I can only work in surroundings that are familiar and have already been warmed up with my work. I cannot write in hotels or borrowed rooms or on borrowed typewriters. This creates problems because when I travel I can’t work…You hope for inspiration whatever the circumstances…

I’m convinced that there is a special state of mind in which you can write with great ease and things just flow. All the pretexts—such as the one where you can only write at home—disappear. That moment and that state of mind seem to come when you have found the right theme and the right ways of treating it. And it has to be something you really like, too, because there is no worse job than doing something you don’t like…

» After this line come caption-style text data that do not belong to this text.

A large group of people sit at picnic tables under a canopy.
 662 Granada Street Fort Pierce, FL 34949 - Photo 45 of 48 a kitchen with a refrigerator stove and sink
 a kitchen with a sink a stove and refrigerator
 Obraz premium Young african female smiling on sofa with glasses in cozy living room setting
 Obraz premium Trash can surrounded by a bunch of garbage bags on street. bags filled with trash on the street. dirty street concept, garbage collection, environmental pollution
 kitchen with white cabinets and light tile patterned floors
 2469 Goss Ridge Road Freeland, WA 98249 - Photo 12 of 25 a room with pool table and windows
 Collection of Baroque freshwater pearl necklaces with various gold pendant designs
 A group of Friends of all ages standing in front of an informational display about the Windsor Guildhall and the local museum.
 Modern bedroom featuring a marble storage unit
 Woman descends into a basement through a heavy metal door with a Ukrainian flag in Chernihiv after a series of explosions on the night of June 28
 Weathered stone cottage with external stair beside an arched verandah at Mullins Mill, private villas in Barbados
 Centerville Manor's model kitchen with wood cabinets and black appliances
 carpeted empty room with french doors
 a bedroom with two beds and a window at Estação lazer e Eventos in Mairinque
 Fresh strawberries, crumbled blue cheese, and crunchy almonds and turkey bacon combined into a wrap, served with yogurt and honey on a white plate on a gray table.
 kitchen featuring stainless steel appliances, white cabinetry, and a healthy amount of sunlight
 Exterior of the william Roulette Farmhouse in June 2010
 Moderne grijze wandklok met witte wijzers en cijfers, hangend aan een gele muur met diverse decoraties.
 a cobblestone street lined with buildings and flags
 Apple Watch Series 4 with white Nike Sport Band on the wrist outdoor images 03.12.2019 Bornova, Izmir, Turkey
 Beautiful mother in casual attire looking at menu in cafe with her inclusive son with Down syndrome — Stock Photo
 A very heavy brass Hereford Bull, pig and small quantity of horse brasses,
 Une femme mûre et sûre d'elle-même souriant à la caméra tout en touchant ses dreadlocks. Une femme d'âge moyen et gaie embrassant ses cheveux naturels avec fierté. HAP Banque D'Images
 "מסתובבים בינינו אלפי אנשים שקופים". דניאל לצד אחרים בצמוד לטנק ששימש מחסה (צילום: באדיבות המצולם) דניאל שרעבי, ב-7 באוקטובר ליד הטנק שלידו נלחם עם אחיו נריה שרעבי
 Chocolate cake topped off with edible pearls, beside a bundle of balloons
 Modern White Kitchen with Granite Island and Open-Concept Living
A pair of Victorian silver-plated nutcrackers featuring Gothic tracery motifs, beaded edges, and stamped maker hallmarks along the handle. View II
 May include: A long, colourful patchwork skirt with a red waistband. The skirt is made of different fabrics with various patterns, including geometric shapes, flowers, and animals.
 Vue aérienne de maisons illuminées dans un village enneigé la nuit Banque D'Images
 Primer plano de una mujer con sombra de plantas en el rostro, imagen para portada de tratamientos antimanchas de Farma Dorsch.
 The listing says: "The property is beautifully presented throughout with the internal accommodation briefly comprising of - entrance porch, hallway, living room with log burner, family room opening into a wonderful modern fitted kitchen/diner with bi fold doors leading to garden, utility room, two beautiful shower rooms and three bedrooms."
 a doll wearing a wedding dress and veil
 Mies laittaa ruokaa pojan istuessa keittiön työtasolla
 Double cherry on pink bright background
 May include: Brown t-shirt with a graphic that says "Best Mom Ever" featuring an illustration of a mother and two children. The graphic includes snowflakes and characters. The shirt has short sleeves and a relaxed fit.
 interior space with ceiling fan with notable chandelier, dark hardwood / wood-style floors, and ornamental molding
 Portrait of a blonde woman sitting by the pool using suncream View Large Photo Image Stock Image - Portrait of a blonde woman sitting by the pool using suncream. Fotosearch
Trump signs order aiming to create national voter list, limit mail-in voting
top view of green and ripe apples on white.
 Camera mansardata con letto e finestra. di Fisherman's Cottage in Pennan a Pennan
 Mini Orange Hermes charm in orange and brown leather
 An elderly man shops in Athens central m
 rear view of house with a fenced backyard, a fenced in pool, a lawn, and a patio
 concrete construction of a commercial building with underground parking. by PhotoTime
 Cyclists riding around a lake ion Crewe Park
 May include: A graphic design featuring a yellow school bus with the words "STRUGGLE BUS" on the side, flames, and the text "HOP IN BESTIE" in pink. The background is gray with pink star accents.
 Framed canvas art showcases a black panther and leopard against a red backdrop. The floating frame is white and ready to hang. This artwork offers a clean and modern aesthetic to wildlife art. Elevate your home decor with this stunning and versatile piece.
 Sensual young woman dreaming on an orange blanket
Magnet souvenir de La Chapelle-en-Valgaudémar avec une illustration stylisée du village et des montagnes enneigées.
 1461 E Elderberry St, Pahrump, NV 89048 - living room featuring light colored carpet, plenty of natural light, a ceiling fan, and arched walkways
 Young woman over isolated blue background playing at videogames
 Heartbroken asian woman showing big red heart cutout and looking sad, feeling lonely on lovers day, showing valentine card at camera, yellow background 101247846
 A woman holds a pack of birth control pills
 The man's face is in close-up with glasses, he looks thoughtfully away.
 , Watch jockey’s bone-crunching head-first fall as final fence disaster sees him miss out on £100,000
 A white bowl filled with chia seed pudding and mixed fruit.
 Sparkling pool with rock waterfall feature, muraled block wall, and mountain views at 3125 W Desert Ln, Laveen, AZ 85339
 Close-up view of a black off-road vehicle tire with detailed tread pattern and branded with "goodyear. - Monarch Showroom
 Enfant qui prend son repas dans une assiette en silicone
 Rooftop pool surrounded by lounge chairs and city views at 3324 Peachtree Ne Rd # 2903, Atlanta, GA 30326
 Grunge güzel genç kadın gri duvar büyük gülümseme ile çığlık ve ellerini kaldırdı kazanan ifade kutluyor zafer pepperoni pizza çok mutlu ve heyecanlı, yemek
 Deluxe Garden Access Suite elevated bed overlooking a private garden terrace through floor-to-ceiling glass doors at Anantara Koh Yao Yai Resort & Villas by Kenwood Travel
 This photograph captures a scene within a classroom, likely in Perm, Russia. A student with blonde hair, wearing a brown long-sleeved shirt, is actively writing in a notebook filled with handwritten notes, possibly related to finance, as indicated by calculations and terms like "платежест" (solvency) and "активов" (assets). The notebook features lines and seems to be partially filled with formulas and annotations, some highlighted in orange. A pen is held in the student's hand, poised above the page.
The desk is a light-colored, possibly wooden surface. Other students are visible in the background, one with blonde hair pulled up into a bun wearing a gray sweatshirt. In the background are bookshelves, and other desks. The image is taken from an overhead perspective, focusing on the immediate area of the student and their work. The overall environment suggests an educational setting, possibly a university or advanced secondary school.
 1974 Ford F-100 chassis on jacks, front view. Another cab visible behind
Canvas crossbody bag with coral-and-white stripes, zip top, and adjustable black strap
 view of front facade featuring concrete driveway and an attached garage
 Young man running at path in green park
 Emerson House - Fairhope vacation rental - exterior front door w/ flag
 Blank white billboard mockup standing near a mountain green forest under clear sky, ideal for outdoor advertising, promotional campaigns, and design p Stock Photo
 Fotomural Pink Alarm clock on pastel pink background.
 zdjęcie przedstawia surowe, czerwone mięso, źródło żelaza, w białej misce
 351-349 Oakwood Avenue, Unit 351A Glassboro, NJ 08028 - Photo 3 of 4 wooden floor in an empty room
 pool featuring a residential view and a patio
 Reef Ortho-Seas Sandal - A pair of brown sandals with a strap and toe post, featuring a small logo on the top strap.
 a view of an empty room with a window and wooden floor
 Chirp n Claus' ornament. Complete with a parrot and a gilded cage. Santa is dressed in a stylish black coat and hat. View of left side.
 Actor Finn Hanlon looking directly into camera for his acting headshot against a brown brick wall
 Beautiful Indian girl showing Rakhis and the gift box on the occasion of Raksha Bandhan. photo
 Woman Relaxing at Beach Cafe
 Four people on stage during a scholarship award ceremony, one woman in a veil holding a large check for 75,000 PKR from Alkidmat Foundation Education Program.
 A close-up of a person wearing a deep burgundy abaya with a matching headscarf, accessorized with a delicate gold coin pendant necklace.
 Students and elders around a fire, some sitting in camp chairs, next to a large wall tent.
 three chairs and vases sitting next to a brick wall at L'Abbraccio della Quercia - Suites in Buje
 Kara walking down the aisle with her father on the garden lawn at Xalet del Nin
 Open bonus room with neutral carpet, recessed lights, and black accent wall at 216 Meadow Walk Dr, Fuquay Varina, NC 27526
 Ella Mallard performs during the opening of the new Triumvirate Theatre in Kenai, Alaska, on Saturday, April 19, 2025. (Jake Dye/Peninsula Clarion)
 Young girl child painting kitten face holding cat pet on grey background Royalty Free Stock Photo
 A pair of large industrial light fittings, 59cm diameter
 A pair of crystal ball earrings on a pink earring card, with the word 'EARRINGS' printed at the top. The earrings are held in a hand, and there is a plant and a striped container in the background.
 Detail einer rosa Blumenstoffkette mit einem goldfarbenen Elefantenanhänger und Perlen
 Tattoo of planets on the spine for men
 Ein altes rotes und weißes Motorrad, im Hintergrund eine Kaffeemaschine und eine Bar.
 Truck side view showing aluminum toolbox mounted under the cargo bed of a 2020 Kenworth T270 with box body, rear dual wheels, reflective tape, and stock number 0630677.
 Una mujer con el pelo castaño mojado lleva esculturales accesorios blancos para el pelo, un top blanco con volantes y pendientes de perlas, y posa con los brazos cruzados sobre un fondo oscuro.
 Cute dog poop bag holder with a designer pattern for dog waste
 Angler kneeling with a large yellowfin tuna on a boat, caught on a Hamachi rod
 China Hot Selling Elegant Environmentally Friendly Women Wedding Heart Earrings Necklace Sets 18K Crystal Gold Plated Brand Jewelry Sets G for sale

Inspiration is when you find the right theme, one which you really like; that makes the work much easier. Intuition, which is also fundamental to writing fiction, is a special quality which helps you to decipher what is real without needing scientific knowledge, or any other special kind of learning…For a novelist, intuition is essential. Basically it’s contrary to intellectualism, which is probably the thing that I detest most in the world—in the sense that the real world is turned into a kind of immovable theory. Intuition has the advantage that either it is, or it isn’t. You don’t struggle to try to put a round peg into a square hole.

Illustration: Gabriel Garcia Marquez by Margarita Karol, ALL RIGHTS RESERVED. 

Image“I must tell you how I work. I don’t have my novel outlined and I have to write to discover what I am doing…I don’t know so well what I think until I see what I say; then I have to say it over again.”

FLANNERY O’CONNOR

PHOTO: Flannery O’Connor’s desk and typewriter in her bedroom at Andalusia, her farm near Milledgeville, Georgia. Photo by Susana Raab for the New York Times, ALL RIGHTS RESERVED.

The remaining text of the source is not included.